## Records
▬▬▬▬▬▬▬▬▬▬

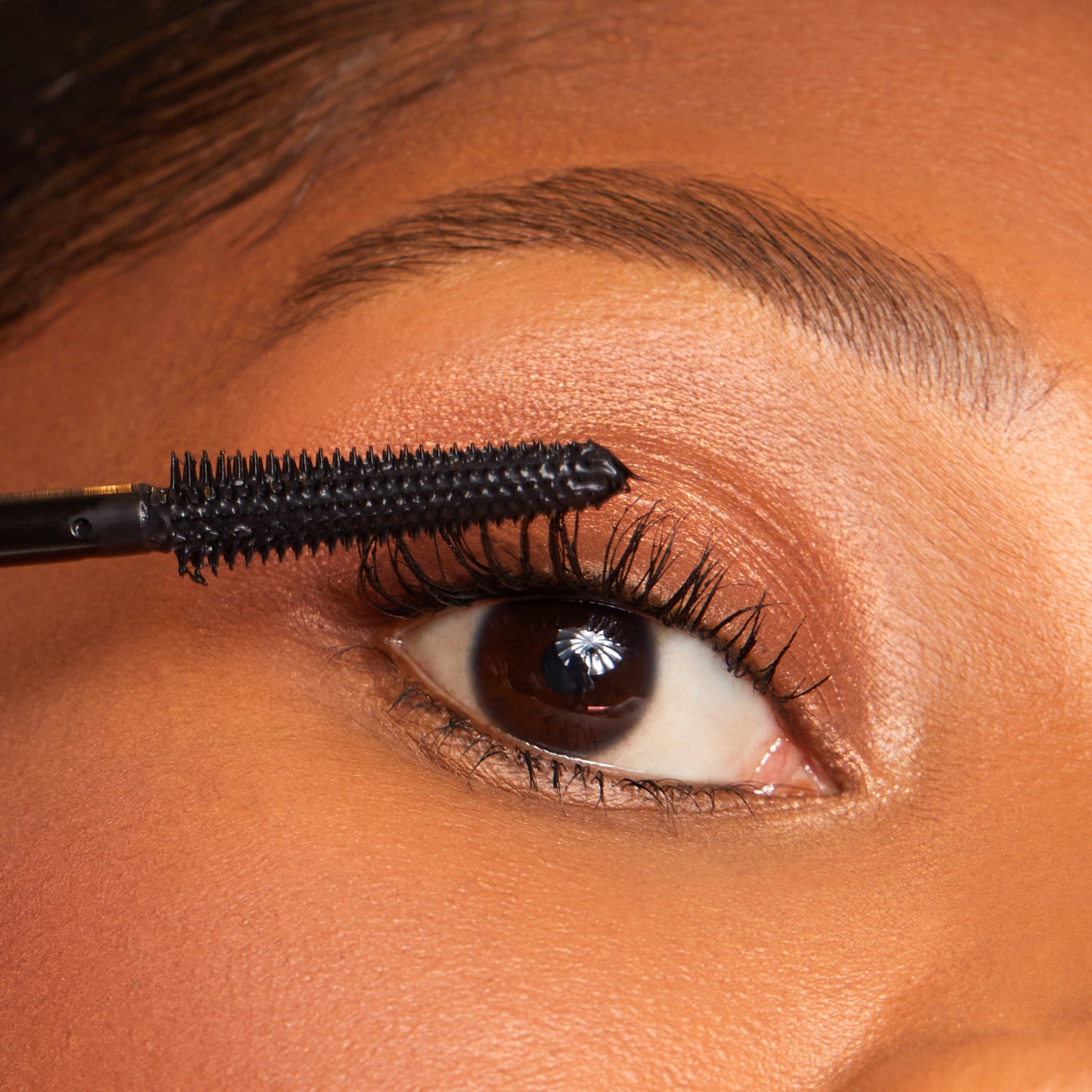 G.L.A.M. Refillable Mascara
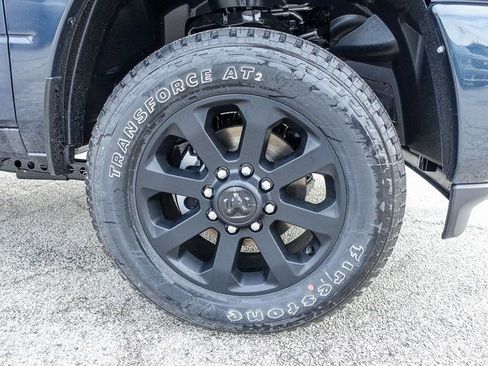 New 2026 RAM 2500 Big Horn image 26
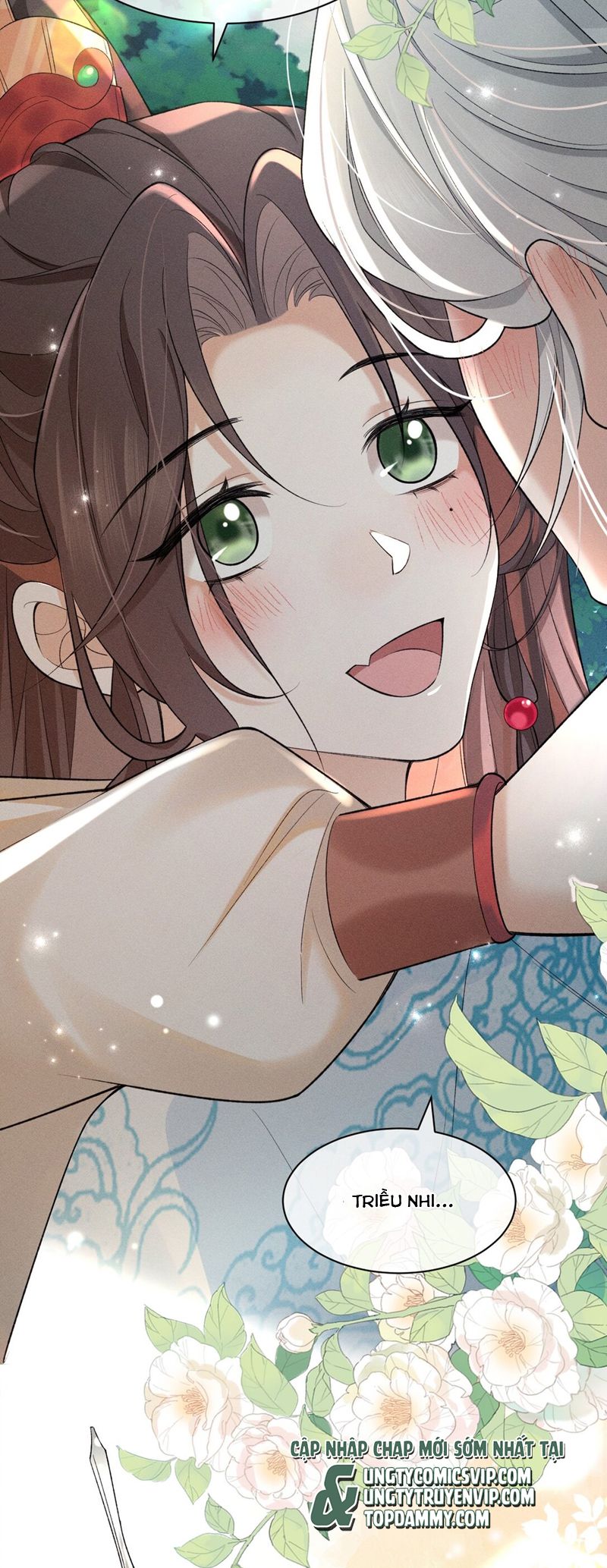 Hải Vương Sau Khi Hoàn Lương Sa Vào Tu La Tràng Chap 14 - Next Chap 15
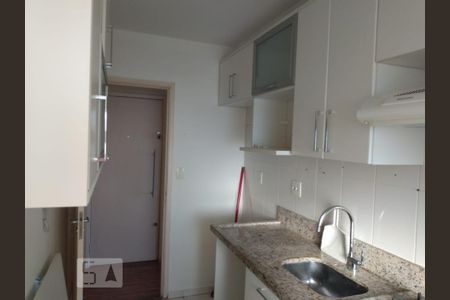Apartamento à venda com 70m², 3 quartos e 1 vagaCozinha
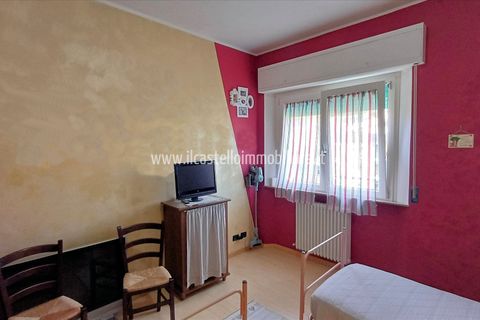 Leilighet i Sinalunga, Siena, Sinalunga - € 100 000 | Ref: AP392 - foto 9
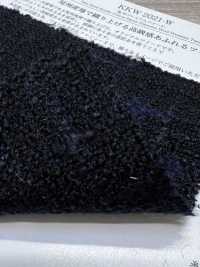 KKW2021-W 비슈 프리미엄 트위드[원단] 우니 섬유(UNI TEXTILE) 서브 사진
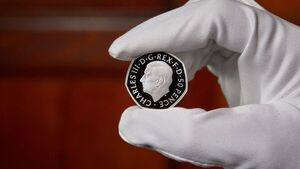Las nuevas monedas con el Rey Carlos III comenzarán a circular antes de la Navidad | Internacionales | 5Días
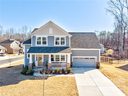 420 Sandbar Point sold home in Lake Wylie, SC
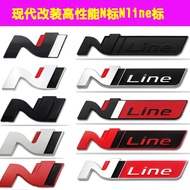 High-Performance Modified N Standard Hyundai NLine Car Standard Imported from South Korea Irante Nam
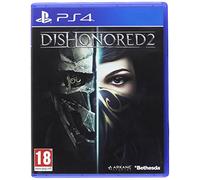Bethesda Videojuego Dishonored 2 - Day One Edition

▬▬▬▬▬▬▬▬▬▬

## The problem
The listing above must be retyped word for word, without the pictures.

## Answer box
 G.L.A.M. Refillable Mascara
 New 2026 RAM 2500 Big Horn image 26
 Hải Vương Sau Khi Hoàn Lương Sa Vào Tu La Tràng Chap 14 - Next Chap 15
Apartamento à venda com 70m², 3 quartos e 1 vagaCozinha
 Leilighet i Sinalunga, Siena, Sinalunga - € 100 000 | Ref: AP392 - foto 9
 KKW2021-W 비슈 프리미엄 트위드[원단] 우니 섬유(UNI TEXTILE) 서브 사진
Las nuevas monedas con el Rey Carlos III comenzarán a circular antes de la Navidad | Internacionales | 5Días
 420 Sandbar Point sold home in Lake Wylie, SC
 High-Performance Modified N Standard Hyundai NLine Car Standard Imported from South Korea Irante Nam
Bethesda Videojuego Dishonored 2 - Day One Edition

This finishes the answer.